Print exactly the lines that run from the one containing "Rothco Police Holster" to the final line of the data, both included, and print none of the pictures.

========================================================================

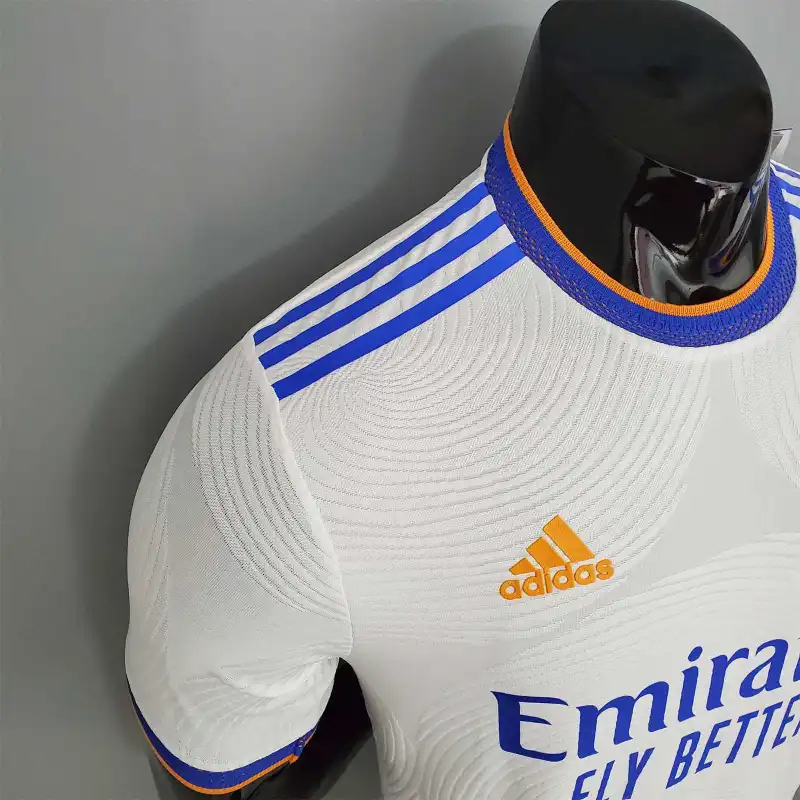 Real Madrid Authentic Retro Jersey Home Soccer Shirt 2021/22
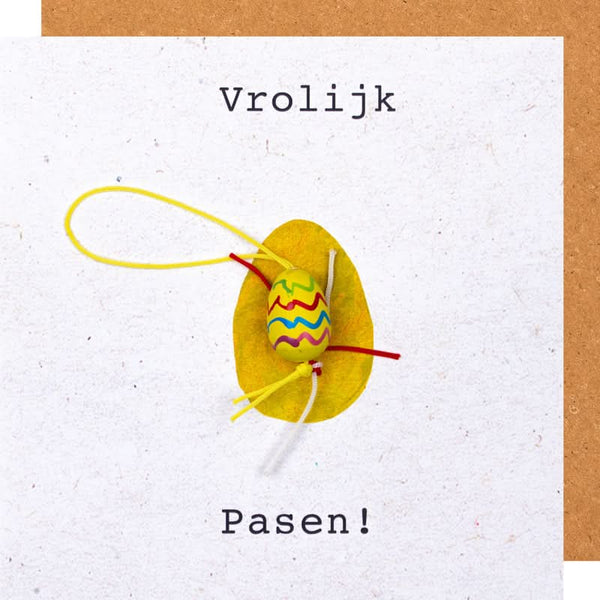 Grußkarte Frohe Ostern Ei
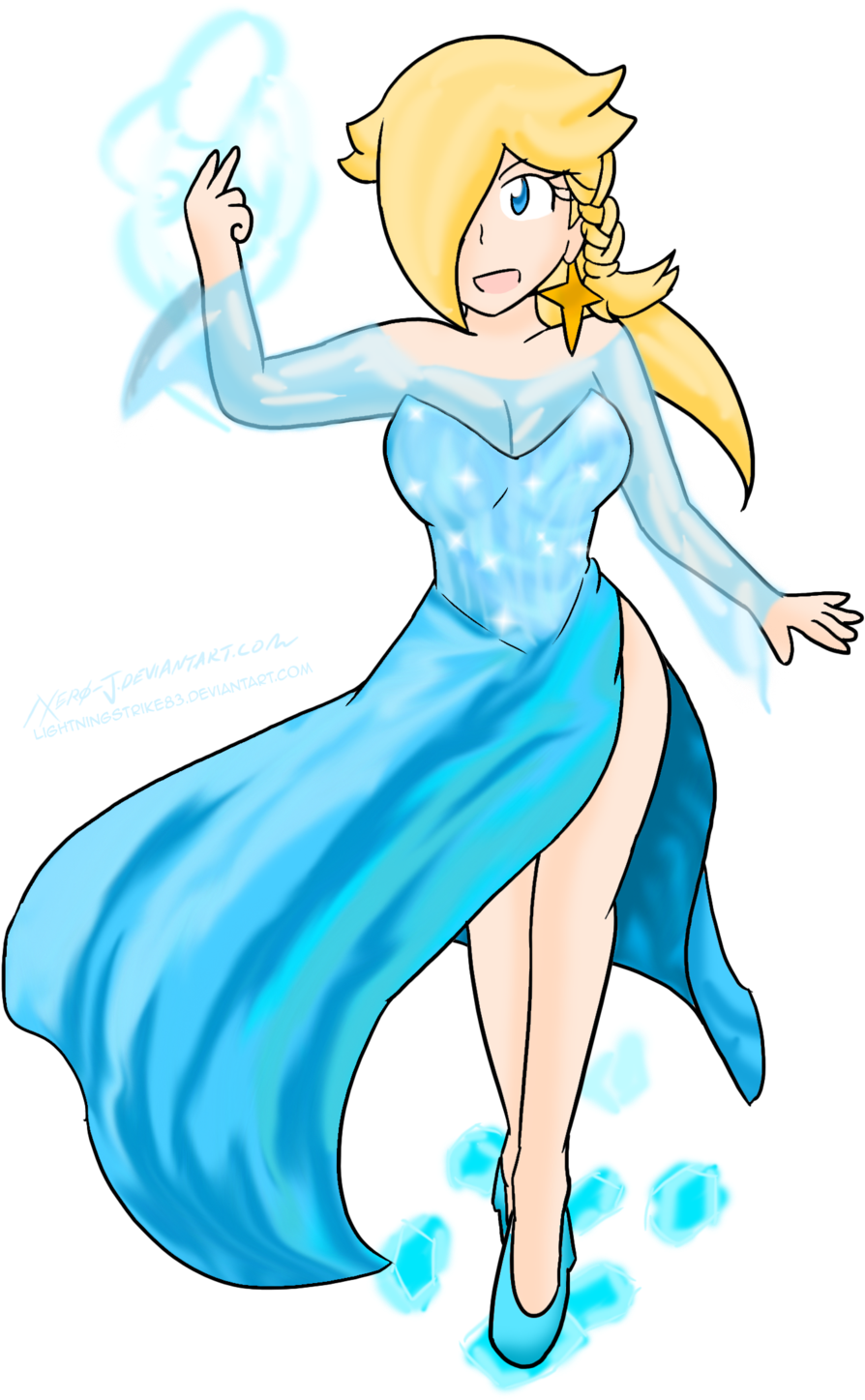 Rosalina The Snow Queen ~commission~ By Xero-j - Queen Elsa And Rosalina (1024x1560)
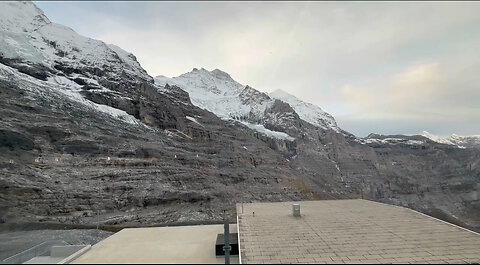 Top of Europe on Mt. Jungfrau - Crowd Cheered When It Snowed!
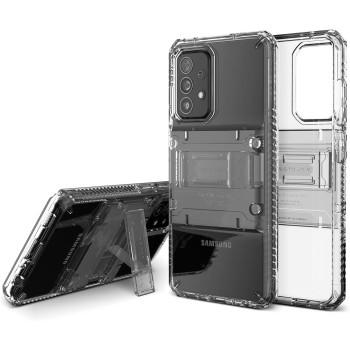 VRS Design Damda Quickstand Pro Case Compatible With Galaxy A52 6.5 Inch, 2021, Clear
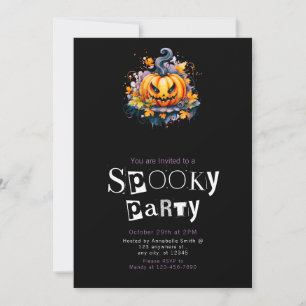 Jack-O' Lantern Griezelfeest Kaart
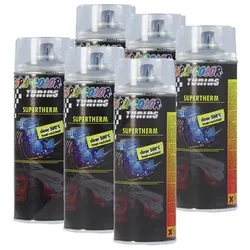 Dupli Color 6x 400ml Supertherm clear 500°C [Hersteller-Nr. 685262]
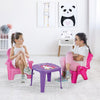 Dolu Dolu Unicorn Pink Table avec chaises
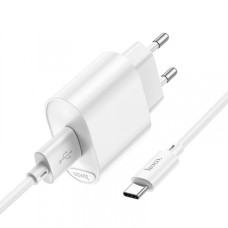 USB Charger 18W Hoco C109A, QC3.0 + Type C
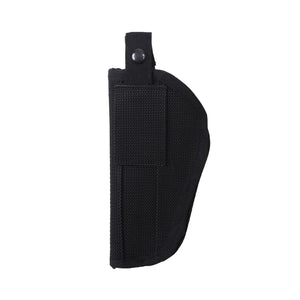 Rothco Police Holster – Heavy-Duty Webbing with Leatherette Lining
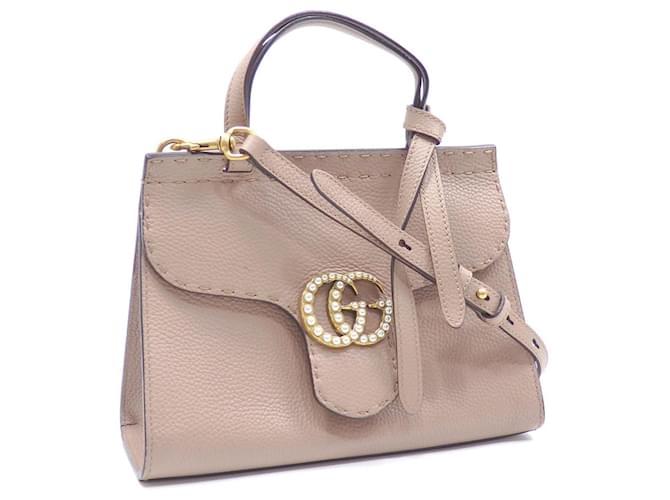 Gucci GG Marmont Grey Leather  ref.1232463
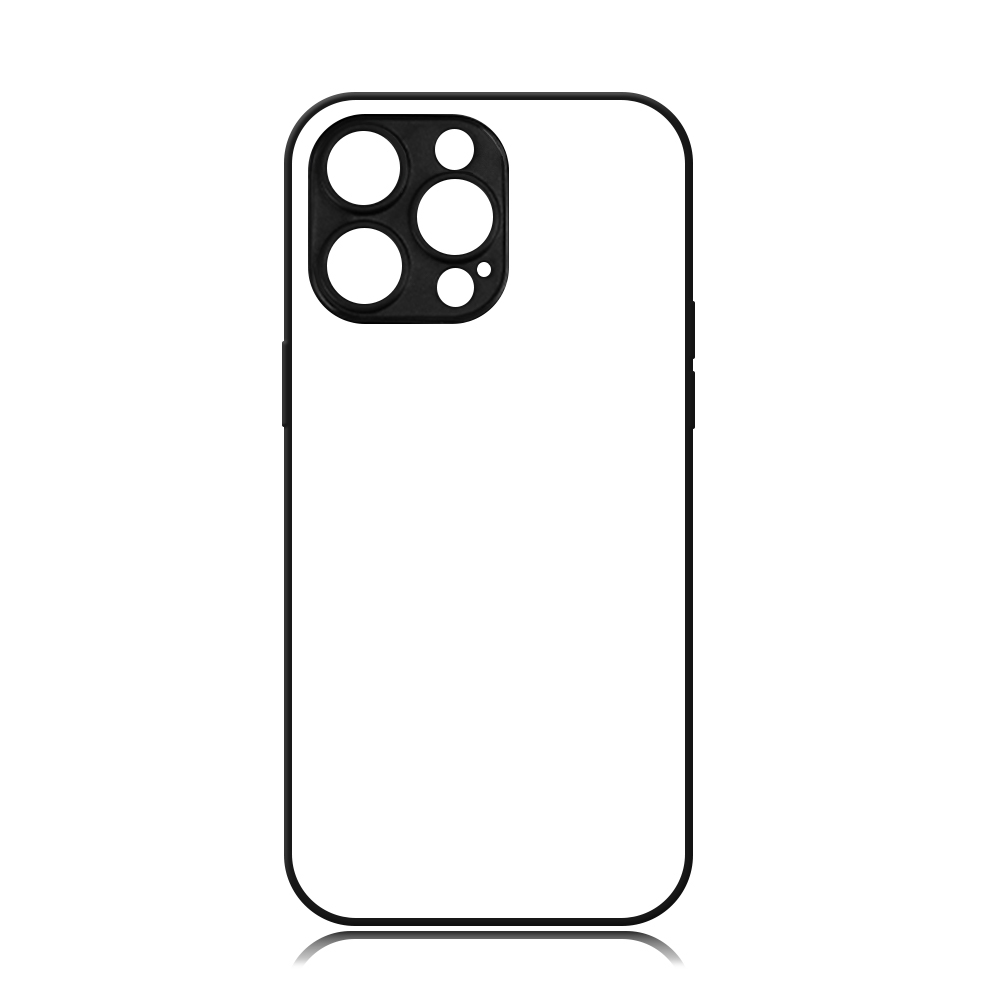 Sublimation Blank 2D TPU Phone Case for iPhone 14 Series DIY Shell With Aluminum Sheet with Reflective Strips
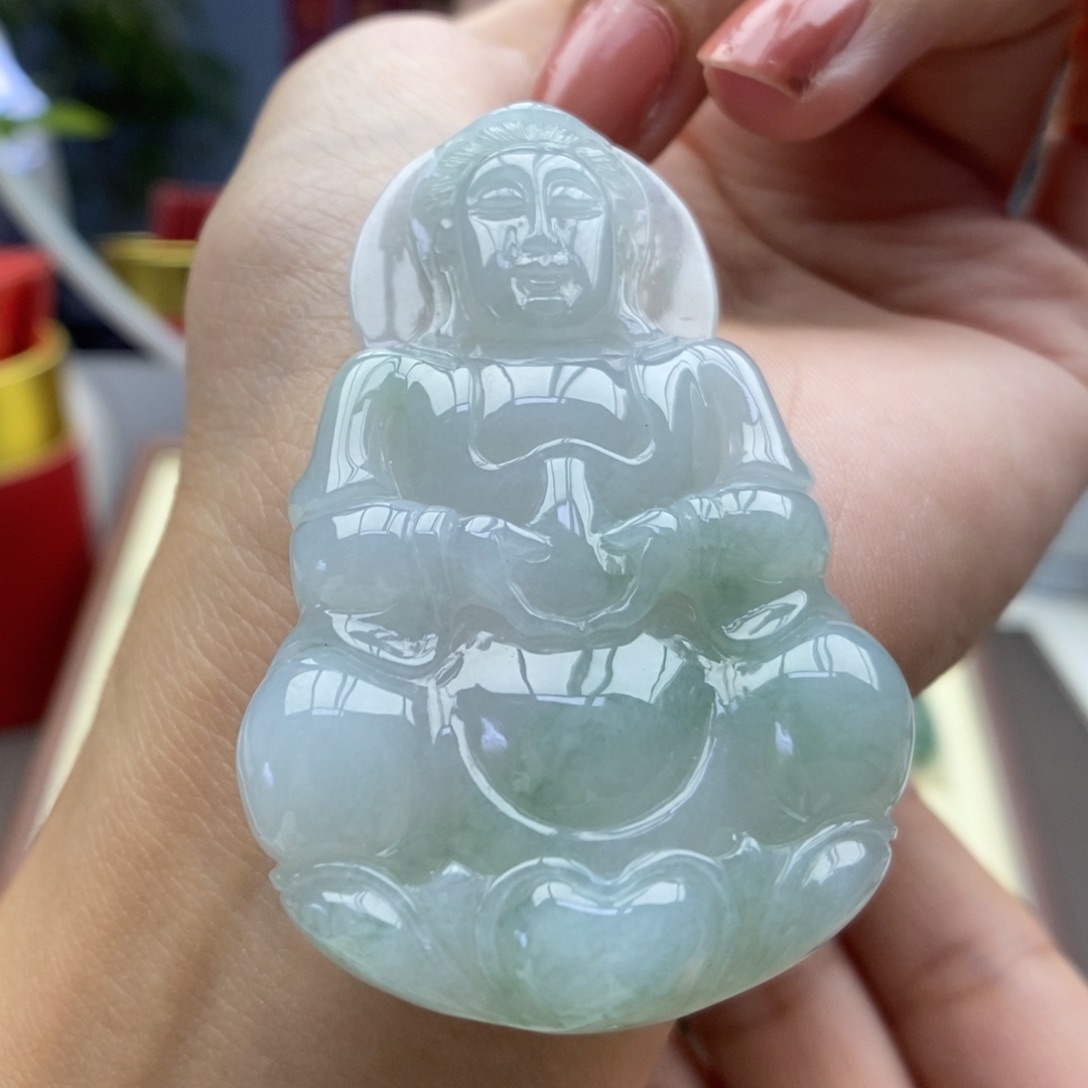 翡翠未镶嵌颈饰吊坠38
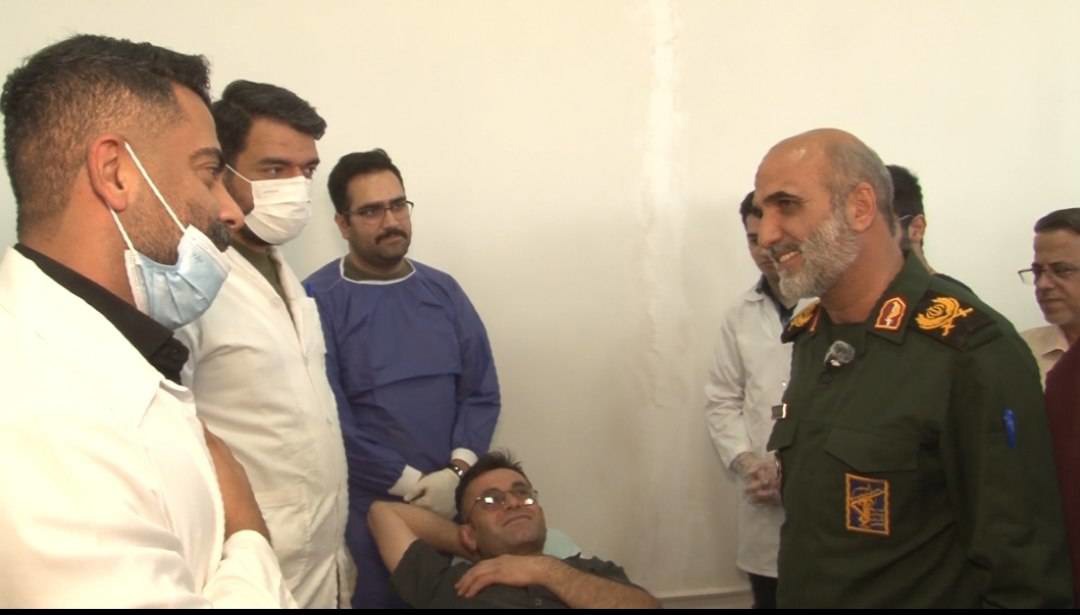 برگزاری اردوی جهادی درمانی در مسکن مهر فولادشهر
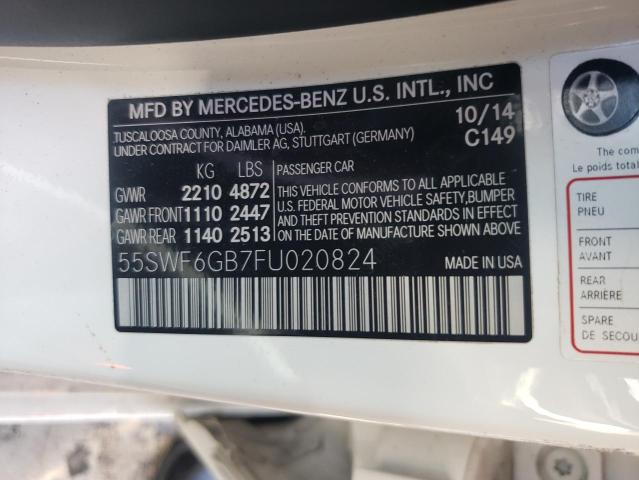 2015 MERCEDES-BENZ C 400 4MAT 55SWF6GB7FU020824
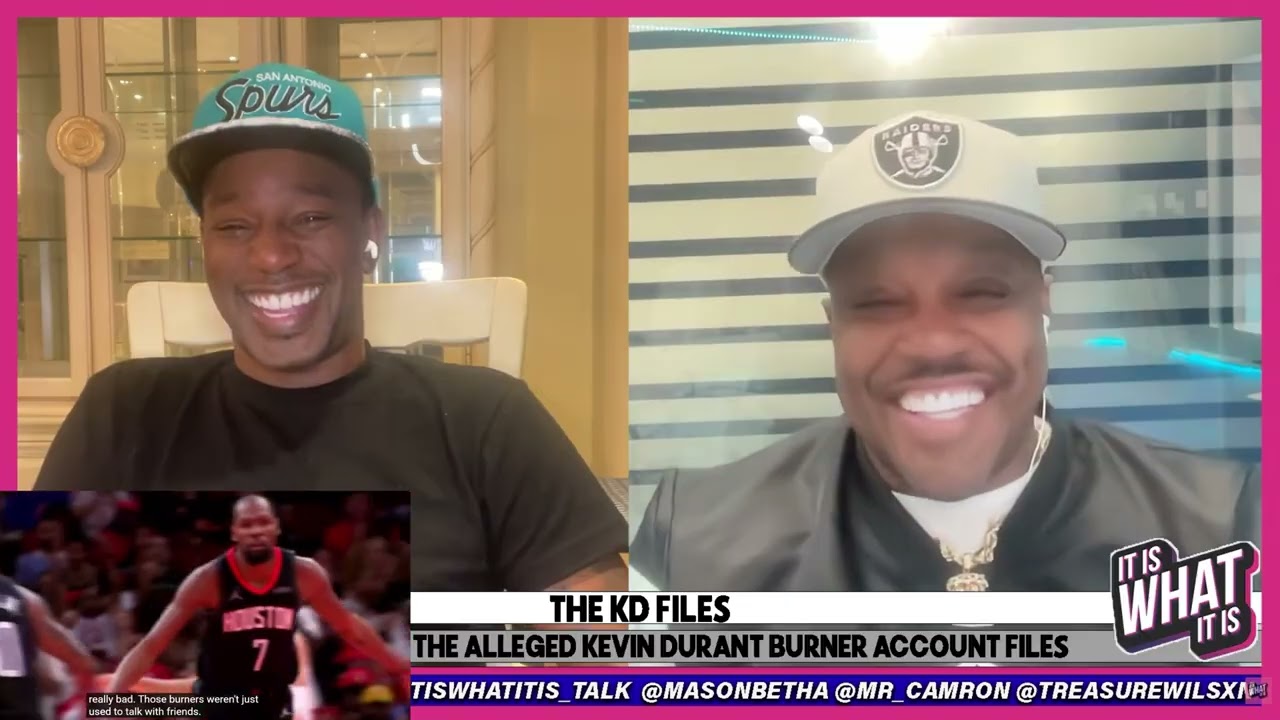 🔥 The KD Files 👀 Is This REALLY Kevin Durant’s Burner Account? Cam’ron & Ma$e React #itiswhatitis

========================================================================

SOLVED EXERCISE
 Rothco Police Holster – Heavy-Duty Webbing with Leatherette Lining
 Gucci GG Marmont Grey Leather  ref.1232463
 Sublimation Blank 2D TPU Phone Case for iPhone 14 Series DIY Shell With Aluminum Sheet with Reflective Strips
 翡翠未镶嵌颈饰吊坠38
 برگزاری اردوی جهادی درمانی در مسکن مهر فولادشهر
 2015 MERCEDES-BENZ C 400 4MAT 55SWF6GB7FU020824
 🔥 The KD Files 👀 Is This REALLY Kevin Durant’s Burner Account? Cam’ron & Ma$e React #itiswhatitis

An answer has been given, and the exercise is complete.